Non-performing assets (NPAs) recorded a year-on-year fall of 26%, with decreases in both foreclosed assets (33.1%) and in non-performing loans (20.3%). The improvement in credit quality is also evident in the trend in new entries to non-performing, which fell by 21.2% over twelve months.
The reduction in NPAs has been accompanied by a further strengthening of the already high coverage ratios, which are among the highest in the sector, continuing Unicaja’s traditional policy of prudence. The coverage ratio for NPAs stands at 78.9%; that for NPLs at 79.9%; and that for foreclosed assets at 77.2%, resulting in a year-on-year reduction of 42% in net NPAs.
Capital and liquidity management
CET 1 at 16% with high levels of liquidity
Unicaja maintains a strong solvency and liquidity position, with a CET 1 (Common Equity Tier 1) regulatory capital ratio of 16%, representing an excess of 7.3 percentage points above regulatory requirements, equivalent to €2,208 million.
Liquidity ratios remain at high levels, with a Loan-to-deposit ratio of 69.3%, a short-term liquidity ratio (LCR) of 291.9%, and a net stable funding ratio (NSFR) of 159.5%.
Income Statement
Gross income grew by 1% year-on-year
Net interest income remains solid. Income from fixed-income securities, together with savings on the cost of wholesale issues and the maturity of mortgage bonds, brought it to €373 million at the end of the quarter (+1.3% year-on-year).
Meanwhile, net fees reached €136 million, a year-on-year increase of 3.1%, with significant growth in mutual fund fees (18.7% year-on-year) and insurance fees, reflecting strong commercial momentum.
Gross margin grew by 1% year-on-year to reach €520 million, and the cost-to-income ratio stood at 46% (calculated over the last twelve months).

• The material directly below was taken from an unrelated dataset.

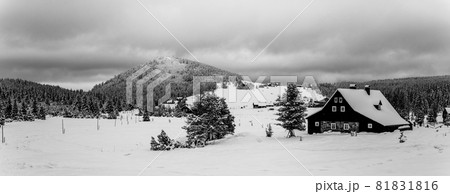 Jizerka Village and Bukovec Mounain in winter. Jizera Mountains, Czech Republic. Black and white image. Jizerka Village and Bukovec Mounain in winter. Jizera Mountains, Czech Republic. Black and white image. 81831816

Pre-provision profit stood at €275 million for the quarter, with a year-on-year reduction in loan loss provision of 20.2%. The need for other provisions/impairments has fallen substantially over the financial year (-19% year-on-year).
Pre-tax profit amounted to €232 million, with a net profit of €161 million.
Sustainability
During the first quarter of 2026, Unicaja has reinforced its commitment to sustainability with significant progress in environmental and energy management, including the integrated attainment of ISO 14001 and ISO 50001 certifications for 30 buildings, as well as the calculation, verification and application for registration of its carbon footprint for 2025.
In the area of social and responsible business, the bank has promoted initiatives with a direct impact on employment and social cohesion, through agreements to support women’s entry into the labour market and the return of talent to Spain. It has also strengthened its support for the agriculture and livestock sector, making €1,000 million available in financing and advance payments, and has made progress in financial inclusion and support for older people, maintaining the advance payment of pensions and personalised support measures.